Ray Hilborn | University of Washington
Ray Hilborn is a professor at the University of Washington School of Aquatic and Fishery Sciences where he teaches graduate and undergraduate courses in food sustainability, conservation and quantitative population dynamics. Hilborn has authored several books on fishing and ecology and published over 200 peer-reviewed articles. He serves on the editorial boards of five journals and spent seven years on the Board of Reviewing Editors of Science magazine. He has received the Volvo Environmental Prize and awards from the American Fisheries Societies, The Ecological Society of America and the American Institute of Fisheries. Hilborn is a Fellow of the Washington State Academy of Sciences, the Royal Society of Canada and the American Academy of Arts and Sciences.
Bun Lai | Miya’s Sushi Restaurant
Bun Lai is a James Beard Foundation-nominated chef whose Connecticut restaurant, Miya’s Sushi, is the first sustainable sushi restaurant in the world. He has given lectures at Yale, Harvard and the Culinary Institute of America. Lai is also a former Olympic trials-level wrestling coach and director of nutrition at a nonprofit organization serving low-income pre-diabetics. He was recently published in Scientific American magazine. In his free time, Lai likes to dive on his restaurant's 75-acre shellfish farm for wild seaweed, clams, oysters and unpopular-to-eat species of fish. Currently, he is pursuing edible invasive species—such as pythons and killer bees—and learning about Native American traditional hunting, fishing and ethnobotany while living with Seminole Indians in Southern Florida.

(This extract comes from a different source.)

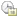 Temps de g�n�ration de la page
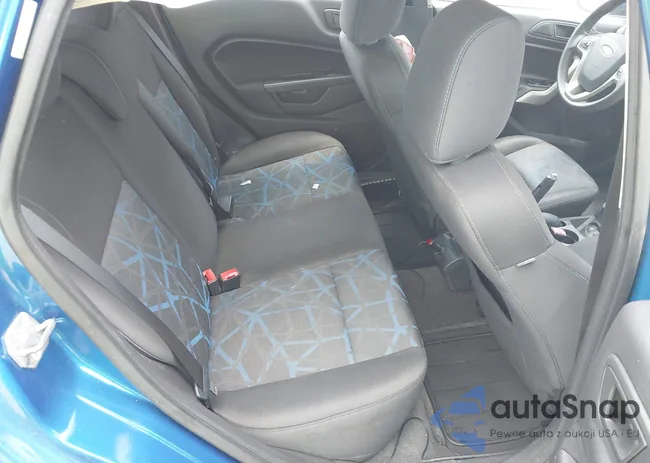 3FADP4EJ3BM147523: 42634644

Michael J. McCloskey | Select Milk Producers and the Innovation Center for US Dairy
Michael McCloskey is the cofounder and CEO of Select Milk Producers, the sixth-largest milk cooperative in the country. He is also chairman of the Innovation Center for US Dairy Sustainability Initiative. McCloskey’s home dairy, of which he is chairman of the board, is Fair Oaks Dairy Farms in Indiana. This dairy milks 15,000 cows living in free-stall barns and is recognized as being a leader in innovative practices among US farms. Fair Oaks Dairy Farms harvests its own cow manure and uses digesters to create more than enough electricity to power all of its farms as well as enough bio-based compressed natural gas to fuel 42 milk trucks, removing the equivalent of 70 million diesel miles annually from the road.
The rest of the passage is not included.